TASK DIRECTIONS: Which lines of the data contain the string "Lace"? Copy every one of them.

Items from a data source:
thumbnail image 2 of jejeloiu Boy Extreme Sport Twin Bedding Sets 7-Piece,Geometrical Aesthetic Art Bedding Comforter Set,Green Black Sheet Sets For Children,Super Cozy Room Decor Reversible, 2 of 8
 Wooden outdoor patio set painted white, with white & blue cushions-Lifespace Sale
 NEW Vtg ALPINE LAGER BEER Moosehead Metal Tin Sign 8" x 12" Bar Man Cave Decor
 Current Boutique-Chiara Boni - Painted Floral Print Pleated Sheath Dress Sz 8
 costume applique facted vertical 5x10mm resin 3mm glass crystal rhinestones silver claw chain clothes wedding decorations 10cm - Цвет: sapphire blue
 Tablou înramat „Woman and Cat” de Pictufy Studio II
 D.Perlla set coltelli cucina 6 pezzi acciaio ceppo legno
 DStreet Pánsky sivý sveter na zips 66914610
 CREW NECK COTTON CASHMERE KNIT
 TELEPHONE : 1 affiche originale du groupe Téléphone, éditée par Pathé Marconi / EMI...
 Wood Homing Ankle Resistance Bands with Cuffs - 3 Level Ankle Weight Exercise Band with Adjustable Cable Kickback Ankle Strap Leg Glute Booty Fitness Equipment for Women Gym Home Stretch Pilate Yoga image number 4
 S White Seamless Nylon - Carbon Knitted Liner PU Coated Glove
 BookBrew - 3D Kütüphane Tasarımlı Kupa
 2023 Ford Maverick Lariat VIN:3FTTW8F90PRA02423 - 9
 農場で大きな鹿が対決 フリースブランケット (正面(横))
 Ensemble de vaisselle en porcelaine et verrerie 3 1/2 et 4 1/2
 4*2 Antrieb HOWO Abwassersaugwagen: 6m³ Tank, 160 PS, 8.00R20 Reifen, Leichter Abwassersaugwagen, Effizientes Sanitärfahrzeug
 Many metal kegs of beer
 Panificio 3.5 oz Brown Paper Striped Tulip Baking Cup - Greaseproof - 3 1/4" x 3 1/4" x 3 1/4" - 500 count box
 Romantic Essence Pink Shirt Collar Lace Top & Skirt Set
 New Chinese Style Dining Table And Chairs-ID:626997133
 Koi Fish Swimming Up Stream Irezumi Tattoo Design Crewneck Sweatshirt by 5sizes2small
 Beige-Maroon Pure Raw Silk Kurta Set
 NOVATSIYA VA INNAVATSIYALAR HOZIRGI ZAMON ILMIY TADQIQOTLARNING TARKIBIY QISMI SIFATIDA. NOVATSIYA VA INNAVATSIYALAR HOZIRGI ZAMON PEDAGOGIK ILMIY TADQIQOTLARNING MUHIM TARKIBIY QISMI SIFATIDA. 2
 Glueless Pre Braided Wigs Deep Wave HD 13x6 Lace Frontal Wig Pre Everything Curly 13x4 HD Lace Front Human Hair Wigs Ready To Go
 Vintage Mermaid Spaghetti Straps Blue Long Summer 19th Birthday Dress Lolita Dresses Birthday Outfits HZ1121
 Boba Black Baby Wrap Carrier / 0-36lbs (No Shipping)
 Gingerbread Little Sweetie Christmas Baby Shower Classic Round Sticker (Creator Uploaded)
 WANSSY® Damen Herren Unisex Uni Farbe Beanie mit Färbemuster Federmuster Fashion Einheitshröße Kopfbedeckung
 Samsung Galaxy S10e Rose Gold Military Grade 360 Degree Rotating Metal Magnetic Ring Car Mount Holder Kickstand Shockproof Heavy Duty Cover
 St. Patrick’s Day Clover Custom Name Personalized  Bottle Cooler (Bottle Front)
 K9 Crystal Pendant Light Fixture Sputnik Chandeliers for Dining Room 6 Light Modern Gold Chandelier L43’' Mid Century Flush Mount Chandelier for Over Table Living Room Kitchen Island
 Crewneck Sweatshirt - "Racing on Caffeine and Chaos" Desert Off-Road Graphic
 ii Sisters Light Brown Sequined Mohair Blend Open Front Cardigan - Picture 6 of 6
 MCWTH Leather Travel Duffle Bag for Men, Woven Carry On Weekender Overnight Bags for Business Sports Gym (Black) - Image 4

COMPLETED TASK:
 Romantic Essence Pink Shirt Collar Lace Top & Skirt Set
 Glueless Pre Braided Wigs Deep Wave HD 13x6 Lace Frontal Wig Pre Everything Curly 13x4 HD Lace Front Human Hair Wigs Ready To Go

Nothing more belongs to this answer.